“I’ll show Ms. Evans out,” Harrison says, walking toward the landing, as if he expects me to follow. And after I nod my thanks again to Eddie and Monica, my mother’s papers firmly in hand, I walk right behind him, somehow used to him being my escort.
He opens the front door for me like a gentleman at least, slipping his sunglasses back. As we walk down the driveway, he’s not talking, and I don’t even do my nervous blabbering.
I’m about to say, “They seem really nice,” when suddenly the sound of a drill blasts through the air. We round the corner of the driveway, and down at the bottom, where all the flatbeds are parked, there are at least a dozen construction workers, all carrying two-by-fours and digging a fence line.
“What the hell?” I say. “That was fast! How did they know?”
“I texted them the moment you signed the papers,” Harrison says, nodding a greeting to one of the workers before we turn into my driveway. “The duke and duchess are used to efficiency.”
“I think you’re used to efficiency,” I tell him, walking in step beside him. “They actually seem pretty chill and normal.” I mumble under my breath, “Can’t say the same about you.”
When he doesn’t say anything to that, I stop, which in turn makes him stop.
“So is this the end of this?” I ask him. He frowns in response, so I go on. “Your around-the-clock surveillance of me?”
“We’ve been here less than twenty-four hours,” he says, folding his arms across his chest. His very wide, very manly chest. “I hardly call that around-the-clock.”
“I guess I’m concerned this will be a constant thing.”
“You signed the papers,” he says. “And once your mother signs hers, I’ll lay off.”
“Oh, so now you’re admitting that you’re being a bit much.”
“I’m not being a bit much. I’m doing my job.”
“You’re walking me home. You’re not doing that because you’re a gentleman.”
His frown deepens, and he raises his chin. I think that remark may have gotten to him. “As I said, it’s my job to protect them.”
“Seems like you do a lot more than just protect them.
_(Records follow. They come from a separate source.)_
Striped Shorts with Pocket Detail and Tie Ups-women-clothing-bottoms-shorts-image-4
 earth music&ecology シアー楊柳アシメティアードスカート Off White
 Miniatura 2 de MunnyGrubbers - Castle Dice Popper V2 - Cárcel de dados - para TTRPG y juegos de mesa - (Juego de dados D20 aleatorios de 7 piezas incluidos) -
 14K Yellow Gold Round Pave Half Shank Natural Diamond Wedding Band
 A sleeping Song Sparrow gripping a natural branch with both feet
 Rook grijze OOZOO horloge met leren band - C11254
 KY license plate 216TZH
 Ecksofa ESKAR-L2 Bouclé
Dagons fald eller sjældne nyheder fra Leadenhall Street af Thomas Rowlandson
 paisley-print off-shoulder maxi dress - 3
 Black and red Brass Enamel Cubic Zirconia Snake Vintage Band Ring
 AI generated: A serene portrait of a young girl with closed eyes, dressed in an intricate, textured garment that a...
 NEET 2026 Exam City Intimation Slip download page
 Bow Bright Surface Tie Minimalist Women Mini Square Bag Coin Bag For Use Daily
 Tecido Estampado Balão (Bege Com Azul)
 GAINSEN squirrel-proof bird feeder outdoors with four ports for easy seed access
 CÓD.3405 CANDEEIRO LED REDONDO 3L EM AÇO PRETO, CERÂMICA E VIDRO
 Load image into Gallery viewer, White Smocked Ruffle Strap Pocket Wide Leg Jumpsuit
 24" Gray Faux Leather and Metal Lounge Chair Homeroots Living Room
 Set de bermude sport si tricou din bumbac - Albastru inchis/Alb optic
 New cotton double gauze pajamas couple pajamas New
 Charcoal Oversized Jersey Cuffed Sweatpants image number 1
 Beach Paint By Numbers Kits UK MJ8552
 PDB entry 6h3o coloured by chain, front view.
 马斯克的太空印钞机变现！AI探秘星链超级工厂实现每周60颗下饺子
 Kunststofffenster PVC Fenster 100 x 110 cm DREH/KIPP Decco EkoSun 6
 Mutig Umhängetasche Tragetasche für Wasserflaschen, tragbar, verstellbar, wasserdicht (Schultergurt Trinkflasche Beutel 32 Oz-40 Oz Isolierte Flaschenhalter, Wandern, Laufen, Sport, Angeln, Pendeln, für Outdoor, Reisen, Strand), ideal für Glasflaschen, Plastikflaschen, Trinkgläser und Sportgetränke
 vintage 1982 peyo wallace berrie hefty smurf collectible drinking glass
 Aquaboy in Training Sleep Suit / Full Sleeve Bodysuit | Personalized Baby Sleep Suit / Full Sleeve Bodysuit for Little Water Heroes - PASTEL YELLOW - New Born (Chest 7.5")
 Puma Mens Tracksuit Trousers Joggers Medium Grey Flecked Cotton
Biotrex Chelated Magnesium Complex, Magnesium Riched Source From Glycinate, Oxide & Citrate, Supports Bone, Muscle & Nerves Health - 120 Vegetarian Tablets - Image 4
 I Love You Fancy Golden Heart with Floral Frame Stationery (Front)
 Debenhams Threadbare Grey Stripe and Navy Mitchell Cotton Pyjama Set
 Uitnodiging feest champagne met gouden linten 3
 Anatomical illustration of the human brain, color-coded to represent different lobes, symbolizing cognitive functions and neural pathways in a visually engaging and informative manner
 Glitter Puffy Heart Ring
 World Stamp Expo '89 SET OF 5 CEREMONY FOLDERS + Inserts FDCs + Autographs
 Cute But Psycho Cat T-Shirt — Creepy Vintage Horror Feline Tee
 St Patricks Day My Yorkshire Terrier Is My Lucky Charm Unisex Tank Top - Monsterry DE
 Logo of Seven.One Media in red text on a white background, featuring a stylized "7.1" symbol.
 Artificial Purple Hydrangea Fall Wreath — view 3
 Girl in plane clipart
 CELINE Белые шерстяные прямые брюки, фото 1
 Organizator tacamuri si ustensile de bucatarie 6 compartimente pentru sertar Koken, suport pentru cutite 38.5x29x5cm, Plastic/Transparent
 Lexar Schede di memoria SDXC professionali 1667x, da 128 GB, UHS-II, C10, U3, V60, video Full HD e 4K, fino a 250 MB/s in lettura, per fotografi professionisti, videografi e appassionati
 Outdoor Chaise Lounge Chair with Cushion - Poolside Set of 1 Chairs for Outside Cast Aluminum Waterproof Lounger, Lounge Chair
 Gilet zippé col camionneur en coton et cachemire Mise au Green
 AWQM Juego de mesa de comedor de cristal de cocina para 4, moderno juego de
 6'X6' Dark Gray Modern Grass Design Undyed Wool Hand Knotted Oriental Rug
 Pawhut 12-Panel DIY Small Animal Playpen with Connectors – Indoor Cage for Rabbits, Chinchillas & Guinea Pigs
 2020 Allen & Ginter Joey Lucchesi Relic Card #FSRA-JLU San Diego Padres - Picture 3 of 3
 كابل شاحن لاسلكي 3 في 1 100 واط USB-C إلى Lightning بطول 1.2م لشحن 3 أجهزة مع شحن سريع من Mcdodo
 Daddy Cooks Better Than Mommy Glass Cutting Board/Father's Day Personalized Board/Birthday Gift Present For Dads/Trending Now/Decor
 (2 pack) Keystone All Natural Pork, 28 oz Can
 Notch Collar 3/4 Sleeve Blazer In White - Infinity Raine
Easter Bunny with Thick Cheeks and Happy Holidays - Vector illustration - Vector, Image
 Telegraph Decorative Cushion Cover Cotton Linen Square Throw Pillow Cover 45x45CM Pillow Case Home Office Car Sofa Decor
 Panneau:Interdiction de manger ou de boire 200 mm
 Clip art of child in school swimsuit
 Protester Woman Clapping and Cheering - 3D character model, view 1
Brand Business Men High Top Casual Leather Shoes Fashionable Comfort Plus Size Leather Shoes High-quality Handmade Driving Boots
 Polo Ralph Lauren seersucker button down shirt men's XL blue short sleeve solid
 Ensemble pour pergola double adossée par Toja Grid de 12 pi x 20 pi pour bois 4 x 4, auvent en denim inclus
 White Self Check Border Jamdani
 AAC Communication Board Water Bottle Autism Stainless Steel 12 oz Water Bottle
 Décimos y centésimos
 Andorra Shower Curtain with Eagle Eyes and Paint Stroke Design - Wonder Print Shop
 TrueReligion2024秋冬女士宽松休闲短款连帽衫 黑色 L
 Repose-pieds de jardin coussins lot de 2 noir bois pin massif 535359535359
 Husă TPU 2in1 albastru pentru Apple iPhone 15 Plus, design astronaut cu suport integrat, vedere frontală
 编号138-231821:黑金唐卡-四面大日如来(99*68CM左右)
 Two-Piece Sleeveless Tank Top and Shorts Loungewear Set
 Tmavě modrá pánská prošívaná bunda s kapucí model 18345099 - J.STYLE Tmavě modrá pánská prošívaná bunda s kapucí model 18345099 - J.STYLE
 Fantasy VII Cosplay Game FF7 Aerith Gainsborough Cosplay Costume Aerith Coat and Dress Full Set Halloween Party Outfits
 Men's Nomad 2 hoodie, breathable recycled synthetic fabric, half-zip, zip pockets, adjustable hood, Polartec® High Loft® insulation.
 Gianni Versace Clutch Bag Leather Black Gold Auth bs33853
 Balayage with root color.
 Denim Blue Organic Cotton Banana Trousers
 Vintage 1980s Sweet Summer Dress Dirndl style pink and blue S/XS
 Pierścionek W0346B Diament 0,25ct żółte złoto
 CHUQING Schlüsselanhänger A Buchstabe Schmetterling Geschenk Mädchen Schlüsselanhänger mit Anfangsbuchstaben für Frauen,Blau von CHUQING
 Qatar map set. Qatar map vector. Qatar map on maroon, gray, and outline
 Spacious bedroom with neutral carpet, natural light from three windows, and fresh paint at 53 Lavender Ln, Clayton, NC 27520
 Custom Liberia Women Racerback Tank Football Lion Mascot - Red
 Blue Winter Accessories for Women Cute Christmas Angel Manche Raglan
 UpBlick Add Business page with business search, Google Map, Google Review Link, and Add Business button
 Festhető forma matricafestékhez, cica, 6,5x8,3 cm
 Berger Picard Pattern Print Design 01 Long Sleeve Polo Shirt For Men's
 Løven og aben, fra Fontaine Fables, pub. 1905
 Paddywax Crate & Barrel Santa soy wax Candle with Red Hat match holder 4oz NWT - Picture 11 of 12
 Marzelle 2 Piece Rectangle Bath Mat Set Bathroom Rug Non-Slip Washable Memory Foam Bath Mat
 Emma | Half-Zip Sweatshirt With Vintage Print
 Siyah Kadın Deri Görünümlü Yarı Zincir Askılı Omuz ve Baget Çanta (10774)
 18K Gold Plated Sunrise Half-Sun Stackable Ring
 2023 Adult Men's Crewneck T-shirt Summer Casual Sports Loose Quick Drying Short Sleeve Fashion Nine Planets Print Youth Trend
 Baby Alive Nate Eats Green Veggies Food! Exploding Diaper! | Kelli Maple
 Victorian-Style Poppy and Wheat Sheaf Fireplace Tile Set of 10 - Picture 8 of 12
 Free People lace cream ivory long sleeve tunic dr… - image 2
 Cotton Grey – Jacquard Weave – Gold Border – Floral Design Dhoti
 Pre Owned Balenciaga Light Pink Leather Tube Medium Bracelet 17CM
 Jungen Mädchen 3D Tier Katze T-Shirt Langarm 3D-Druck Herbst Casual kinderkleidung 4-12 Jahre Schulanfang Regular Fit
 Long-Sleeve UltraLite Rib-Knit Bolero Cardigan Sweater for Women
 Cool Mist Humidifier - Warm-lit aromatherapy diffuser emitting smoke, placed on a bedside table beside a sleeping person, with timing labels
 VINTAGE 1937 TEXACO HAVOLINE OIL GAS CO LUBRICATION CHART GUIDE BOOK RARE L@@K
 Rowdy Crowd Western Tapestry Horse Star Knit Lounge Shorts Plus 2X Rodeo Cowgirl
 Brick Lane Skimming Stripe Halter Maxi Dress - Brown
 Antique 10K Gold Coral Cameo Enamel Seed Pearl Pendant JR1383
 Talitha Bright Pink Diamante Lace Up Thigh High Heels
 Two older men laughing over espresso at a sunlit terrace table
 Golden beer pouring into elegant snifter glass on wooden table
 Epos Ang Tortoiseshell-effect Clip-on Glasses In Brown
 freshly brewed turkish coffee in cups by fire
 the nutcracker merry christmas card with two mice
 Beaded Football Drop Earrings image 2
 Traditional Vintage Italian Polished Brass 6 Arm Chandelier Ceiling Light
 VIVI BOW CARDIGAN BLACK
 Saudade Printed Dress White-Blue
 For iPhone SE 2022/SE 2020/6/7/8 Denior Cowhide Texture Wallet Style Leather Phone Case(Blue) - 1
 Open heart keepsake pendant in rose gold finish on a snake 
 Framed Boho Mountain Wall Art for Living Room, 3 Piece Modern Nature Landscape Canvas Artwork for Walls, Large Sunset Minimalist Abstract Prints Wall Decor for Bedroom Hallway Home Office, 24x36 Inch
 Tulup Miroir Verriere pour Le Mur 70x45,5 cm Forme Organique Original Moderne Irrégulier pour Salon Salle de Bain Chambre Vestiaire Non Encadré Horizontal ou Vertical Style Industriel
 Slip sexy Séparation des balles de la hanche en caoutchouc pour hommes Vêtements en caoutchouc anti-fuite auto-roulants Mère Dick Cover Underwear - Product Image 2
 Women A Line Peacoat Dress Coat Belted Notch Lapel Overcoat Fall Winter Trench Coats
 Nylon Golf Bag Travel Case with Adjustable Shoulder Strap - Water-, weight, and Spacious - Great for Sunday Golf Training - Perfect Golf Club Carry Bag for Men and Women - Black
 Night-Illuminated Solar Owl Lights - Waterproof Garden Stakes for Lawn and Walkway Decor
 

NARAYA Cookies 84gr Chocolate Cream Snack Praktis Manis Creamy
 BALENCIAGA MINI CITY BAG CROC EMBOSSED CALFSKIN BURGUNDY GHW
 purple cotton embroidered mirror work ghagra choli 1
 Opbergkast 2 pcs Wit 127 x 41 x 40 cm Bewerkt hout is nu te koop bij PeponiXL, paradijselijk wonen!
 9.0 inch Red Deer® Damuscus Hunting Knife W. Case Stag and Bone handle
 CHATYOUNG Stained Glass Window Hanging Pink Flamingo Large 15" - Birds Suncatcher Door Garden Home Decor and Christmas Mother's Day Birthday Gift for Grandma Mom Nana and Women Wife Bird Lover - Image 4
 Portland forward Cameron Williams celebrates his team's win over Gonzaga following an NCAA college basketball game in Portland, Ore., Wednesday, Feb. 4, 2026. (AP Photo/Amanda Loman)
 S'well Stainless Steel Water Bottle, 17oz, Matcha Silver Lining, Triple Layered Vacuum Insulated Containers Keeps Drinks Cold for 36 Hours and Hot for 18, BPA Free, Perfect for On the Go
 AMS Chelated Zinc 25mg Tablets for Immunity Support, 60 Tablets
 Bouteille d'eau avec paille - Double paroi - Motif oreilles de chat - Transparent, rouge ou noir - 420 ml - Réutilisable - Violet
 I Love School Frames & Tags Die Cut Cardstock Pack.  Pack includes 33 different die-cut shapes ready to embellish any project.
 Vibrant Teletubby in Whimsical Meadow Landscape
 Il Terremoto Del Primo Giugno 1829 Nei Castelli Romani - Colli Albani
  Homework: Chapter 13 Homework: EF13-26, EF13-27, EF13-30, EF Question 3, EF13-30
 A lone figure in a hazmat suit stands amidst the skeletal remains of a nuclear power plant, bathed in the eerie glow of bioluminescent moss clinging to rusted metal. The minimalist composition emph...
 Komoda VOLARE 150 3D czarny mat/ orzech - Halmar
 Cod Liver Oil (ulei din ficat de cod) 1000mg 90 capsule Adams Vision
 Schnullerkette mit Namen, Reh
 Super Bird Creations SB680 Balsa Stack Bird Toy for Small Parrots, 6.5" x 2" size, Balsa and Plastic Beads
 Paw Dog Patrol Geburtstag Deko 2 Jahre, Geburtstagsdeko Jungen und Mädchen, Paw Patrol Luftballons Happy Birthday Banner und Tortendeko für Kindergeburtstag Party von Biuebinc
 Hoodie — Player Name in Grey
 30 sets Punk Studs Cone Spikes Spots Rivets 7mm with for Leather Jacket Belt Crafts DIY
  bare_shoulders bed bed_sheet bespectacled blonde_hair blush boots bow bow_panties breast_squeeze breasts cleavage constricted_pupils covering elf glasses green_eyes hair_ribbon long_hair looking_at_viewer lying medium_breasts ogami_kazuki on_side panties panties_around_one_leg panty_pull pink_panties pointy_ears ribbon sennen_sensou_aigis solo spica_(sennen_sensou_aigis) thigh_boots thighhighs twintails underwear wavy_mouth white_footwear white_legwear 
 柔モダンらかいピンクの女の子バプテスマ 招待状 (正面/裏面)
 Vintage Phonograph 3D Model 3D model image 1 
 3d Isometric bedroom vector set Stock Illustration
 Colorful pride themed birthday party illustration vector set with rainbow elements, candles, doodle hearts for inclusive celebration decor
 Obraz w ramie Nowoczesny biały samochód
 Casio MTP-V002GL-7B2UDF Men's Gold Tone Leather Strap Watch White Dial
I saw your pal out there on the boat earlier. I know there are men up in the trees.”
I glance up to make a point, then gasp loudly when I notice a hand waving to me from high up in a Douglas fir. I can’t remember if that’s Isaac or Giles.
But it doesn’t matter which tree man it is. I continue. “Who knows how many other security officers are about. The point is, I think you’re more like their manager than anything else.”
He stares at me for a moment, giving me plenty of time to focus on my reflection in his sunglasses. My hair is a bit ratty, and I wish I could have been wearing something a little nicer to meet the royals for the first time.
Finally, he says, “I’m whatever the duke and duchess need me to be. Maybe in your world you’ve just got your teaching, with some Tic Tac–eating tendencies thrown in there, and that’s it, but in mine, it’s possible to wear multiple hats at once.”
Did he just try to insinuate that I have nothing going on in my life other than my job? “Hey, I wear many hats too,” I tell him, unable to keep the bite out of my voice. “Maybe to you I’m just some island hick schoolteacher, but I take care of my mother when no one else will. I provide for her, I keep this house going, I’ve sacrificed a hell of a lot in order to stay with her and make sure she’s okay. I’m a teacher, and I’m a caregiver. And I’m a daughter. And I have interests and hobbies and a rich inner world that you don’t know anything about. So don’t try to paint me into a box, because I don’t fit in one.”
My heart is pounding from all that, making me feel both alive and a little sick. I can’t believe I just let that all out there like that.
Harrison continues to stare at me, then swallows. “I won’t paint you into a box if you don’t paint me into a box,” he says, his voice low and gruff, the kind of voice that would send shivers up my spine under any other circumstances.
And he’s got a point. I can dish it out, but I can’t take it. Apparently that was a sore spot for me.
“Okay,” I tell him, my pulse still wild in my neck. “Do you trust me enough to let me go, or do you have to walk me to the door?”
He tilts his head for a moment and then nods. “I trust you. Good night, Ms. Evans.”
He then turns on his heel and marches away, disappearing around the bend.